Barack Obama, buoyed by his recent domestic and international triumphs, is now directing his gaze to an area close to his heart: the U.S. penal system. As unnecessarily repressive as it is inefficient and racially discriminatory, the United States supports the largest prison population in the world, with over 2.3 million people in prison. Nearly 50,000 suffer in prison for life.
This explosion in incarceration is not due to more serious crimes being committed over the past few decades. On the contrary, the number of violent crimes committed has fallen significantly compared to figures from 20 or 30 years ago. Its basic origins lie in a system that imposes compulsory, incredibly high penalties — which are absurdly disproportionate — on underage offenders, and which especially hit young, black transgressors hard.

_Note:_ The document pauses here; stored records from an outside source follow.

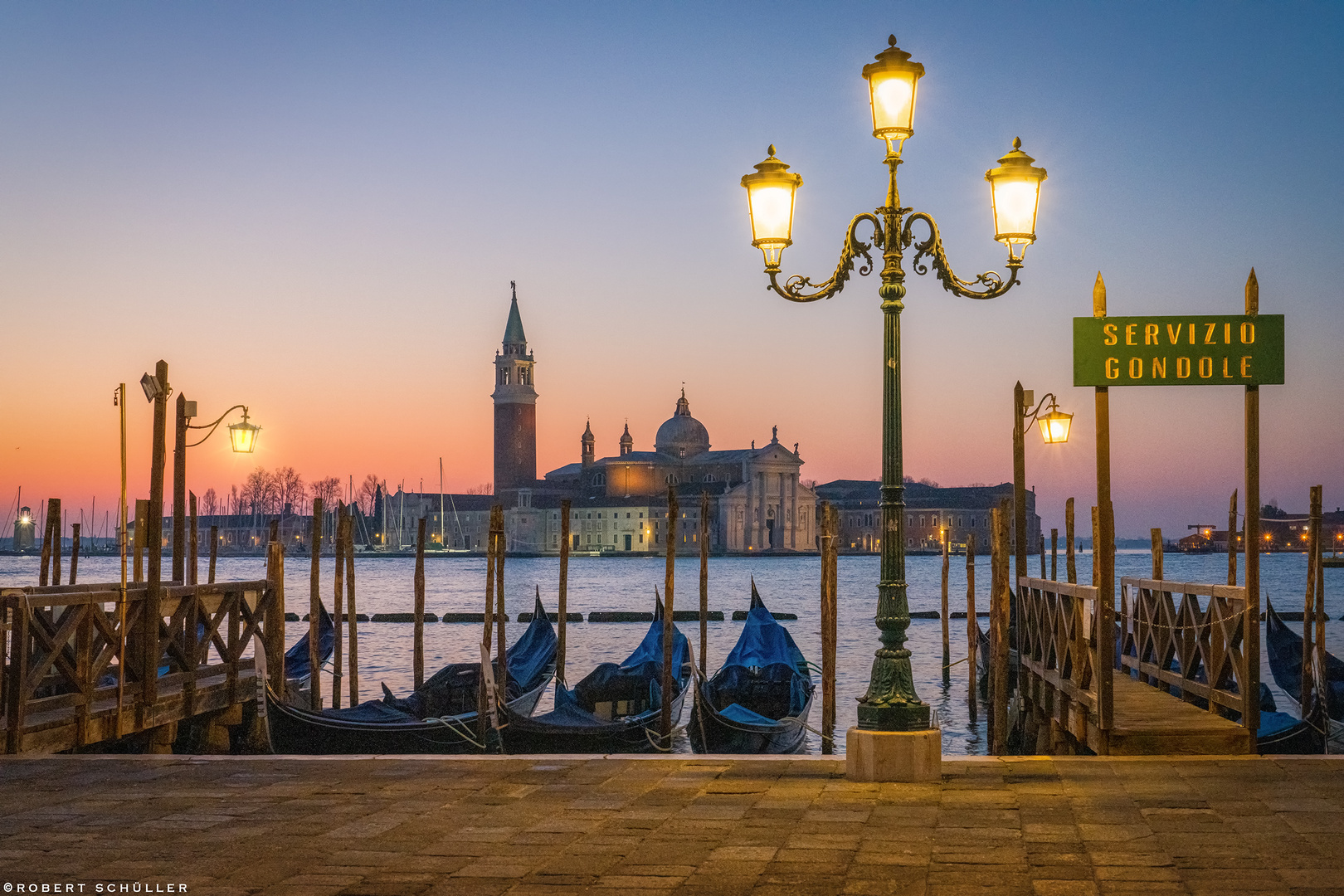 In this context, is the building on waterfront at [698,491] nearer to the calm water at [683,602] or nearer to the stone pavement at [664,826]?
the calm water at [683,602]

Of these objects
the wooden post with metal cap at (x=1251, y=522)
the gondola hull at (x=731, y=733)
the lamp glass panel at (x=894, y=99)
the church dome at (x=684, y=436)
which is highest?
the church dome at (x=684, y=436)

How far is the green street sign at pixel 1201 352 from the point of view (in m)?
6.07

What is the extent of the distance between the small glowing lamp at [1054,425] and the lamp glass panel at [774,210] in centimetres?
628

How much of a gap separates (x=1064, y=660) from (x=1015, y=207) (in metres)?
3.53

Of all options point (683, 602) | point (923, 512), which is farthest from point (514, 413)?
point (683, 602)

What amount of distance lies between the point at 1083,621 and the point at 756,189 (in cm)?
321

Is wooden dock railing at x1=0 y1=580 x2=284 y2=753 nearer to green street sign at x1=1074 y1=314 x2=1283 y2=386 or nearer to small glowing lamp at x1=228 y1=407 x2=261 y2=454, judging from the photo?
small glowing lamp at x1=228 y1=407 x2=261 y2=454

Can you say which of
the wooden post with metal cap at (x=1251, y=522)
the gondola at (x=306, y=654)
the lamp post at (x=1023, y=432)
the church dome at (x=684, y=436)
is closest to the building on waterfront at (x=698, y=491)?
the church dome at (x=684, y=436)

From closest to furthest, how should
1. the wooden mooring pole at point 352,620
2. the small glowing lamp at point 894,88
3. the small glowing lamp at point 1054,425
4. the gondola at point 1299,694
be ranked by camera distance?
1. the small glowing lamp at point 894,88
2. the gondola at point 1299,694
3. the small glowing lamp at point 1054,425
4. the wooden mooring pole at point 352,620

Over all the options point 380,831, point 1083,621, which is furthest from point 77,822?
point 1083,621

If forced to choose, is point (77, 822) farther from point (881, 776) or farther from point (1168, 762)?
point (1168, 762)

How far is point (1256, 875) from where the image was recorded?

Obama is proposing a series of measures such as humanizing the prison system, increasing support programs, and facilitating the reintegration of ex-prisoners. However, these reforms are more well-intentioned than practical. Making the U.S. penal system less cruel and more functional above all requires a change in mindset of the parties directly involved and of citizens themselves, in addition to reducing excessive sentences and allowing judges to tailor sentences and impose alternative punishments to imprisonment. In the last analysis, it is about instilling the idea in society that the damage caused by widespread incarceration far exceeds its benefits.
The reform is complicated and Obama's powers limited. Judges and district attorneys are normally elected positions in the U.S. and indulging with criminals is considered a political risk. But the objective of penal policy is not revenge. The steady reduction in crime should serve as an incentive to the White House and Congress, who have the final word, to work on reforming a dysfunctional and unjust system once and for all.

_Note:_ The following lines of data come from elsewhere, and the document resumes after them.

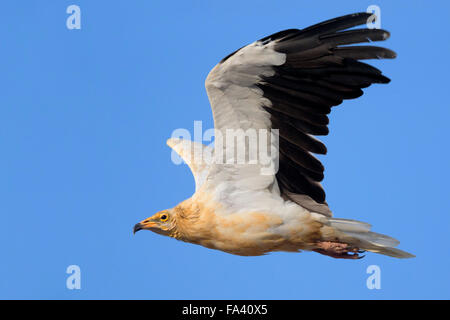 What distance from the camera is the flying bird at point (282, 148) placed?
8812 mm

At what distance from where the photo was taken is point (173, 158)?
38.9 feet

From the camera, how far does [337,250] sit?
31.2 feet

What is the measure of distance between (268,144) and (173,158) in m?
2.80

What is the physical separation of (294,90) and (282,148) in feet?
2.75

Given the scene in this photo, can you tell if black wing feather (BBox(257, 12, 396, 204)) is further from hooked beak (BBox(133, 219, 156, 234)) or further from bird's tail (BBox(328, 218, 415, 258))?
hooked beak (BBox(133, 219, 156, 234))

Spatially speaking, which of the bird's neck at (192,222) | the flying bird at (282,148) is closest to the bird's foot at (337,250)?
the flying bird at (282,148)

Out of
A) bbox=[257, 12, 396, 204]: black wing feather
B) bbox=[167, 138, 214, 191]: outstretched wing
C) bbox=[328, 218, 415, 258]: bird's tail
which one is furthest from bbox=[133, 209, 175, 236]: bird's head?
bbox=[328, 218, 415, 258]: bird's tail

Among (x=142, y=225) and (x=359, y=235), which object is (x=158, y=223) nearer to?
(x=142, y=225)

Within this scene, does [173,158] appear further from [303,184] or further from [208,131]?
[303,184]

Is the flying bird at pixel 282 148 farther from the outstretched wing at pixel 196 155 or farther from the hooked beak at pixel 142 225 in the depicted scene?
the outstretched wing at pixel 196 155

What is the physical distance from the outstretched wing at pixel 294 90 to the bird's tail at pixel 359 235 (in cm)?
36

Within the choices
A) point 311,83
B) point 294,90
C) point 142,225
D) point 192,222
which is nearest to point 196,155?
point 142,225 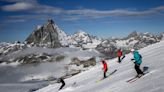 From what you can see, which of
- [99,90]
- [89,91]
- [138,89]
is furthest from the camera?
[89,91]

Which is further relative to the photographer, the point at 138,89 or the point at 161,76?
the point at 161,76

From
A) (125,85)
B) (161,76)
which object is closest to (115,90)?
(125,85)

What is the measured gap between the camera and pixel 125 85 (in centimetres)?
2603

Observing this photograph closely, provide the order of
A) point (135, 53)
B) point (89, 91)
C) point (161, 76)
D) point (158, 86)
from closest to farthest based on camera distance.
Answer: point (158, 86) → point (161, 76) → point (135, 53) → point (89, 91)

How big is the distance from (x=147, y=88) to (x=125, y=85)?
4.83 meters

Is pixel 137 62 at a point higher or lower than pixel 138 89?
higher

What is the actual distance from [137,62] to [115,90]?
342 cm

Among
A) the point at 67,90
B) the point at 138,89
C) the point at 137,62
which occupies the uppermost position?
the point at 137,62

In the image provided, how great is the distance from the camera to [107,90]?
26.9m

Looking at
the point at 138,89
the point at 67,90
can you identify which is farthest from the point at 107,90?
the point at 67,90

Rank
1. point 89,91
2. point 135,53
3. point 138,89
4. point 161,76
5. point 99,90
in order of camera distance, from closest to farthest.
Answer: point 138,89 < point 161,76 < point 135,53 < point 99,90 < point 89,91

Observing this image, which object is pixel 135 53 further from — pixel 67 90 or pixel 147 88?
pixel 67 90

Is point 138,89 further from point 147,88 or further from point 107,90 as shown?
point 107,90

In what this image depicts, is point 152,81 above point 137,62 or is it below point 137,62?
below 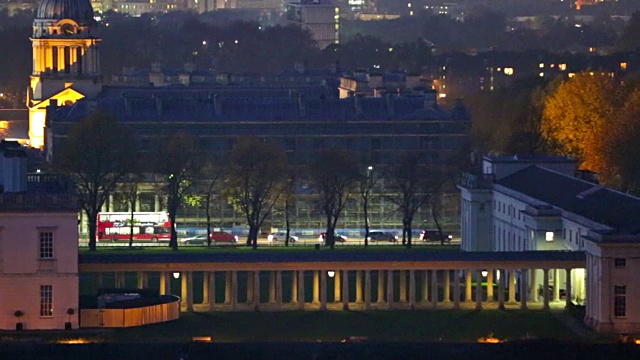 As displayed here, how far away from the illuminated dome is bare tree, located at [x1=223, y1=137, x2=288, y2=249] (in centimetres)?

La crisis carcelaria de EE UU
Obama aborda la reforma de un sistema penal disfuncional e injusto
Un Barack Obama crecido por sus recientes triunfos internos e internacionales dirige ahora su mira a un ámbito que le resulta cercano: el del sistema penal estadounidense, tan innecesariamente represor como poco eficaz y racialmente discriminatorio. Estados Unidos soporta la mayor población carcelaria del mundo, más de 2,3 millones de personas. Casi 50.000 sufren prisión perpetua.
La causa de esta explosión carcelaria en las últimas décadas no es la progresiva gravedad de los delitos cometidos. Por el contrario, la criminalidad violenta ha caído significativamente respecto a sus cifras de hace 20 o 30 años. Su origen fundamental está en un sistema que impone obligatorias y elevadísimas penas, absurdamente desproporcionadas, a delincuentes menores. Y que se ceba especialmente en transgresores de raza negra y jóvenes.
Obama propone un catálogo de medidas (humanizar el sistema carcelario, incrementar los programas de ayuda, facilitar la reinserción de los ex reclusos) en su mayoría más bienintencionadas que prácticas. Hacer el sistema penal estadounidenses menos cruel y más funcional requiere ante todo un cambio de mentalidad de los poderes directamente implicados y de los propios ciudadanos, además de reducir las sentencias excesivas y otorgar a los jueces flexibilidad para adaptar penas e imponer castigos alternativos a la cárcel. Se trata, en última instancia, de inculcar socialmente la idea de que el daño causado por la masificación carcelaria excede con mucho sus beneficios.
La reforma es complicada y los poderes de Obama limitados. Jueces y fiscales suelen ser cargos electos en EE UU y la indulgencia con los criminales se considera un riesgo. Pero el objetivo de la política penal no es la venganza. La progresiva caída de la delincuencia debe servir de acicate a la Casa Blanca y al Congreso, que tiene la última palabra, para abordar de una vez la reforma de un sistema disfuncional e injusto.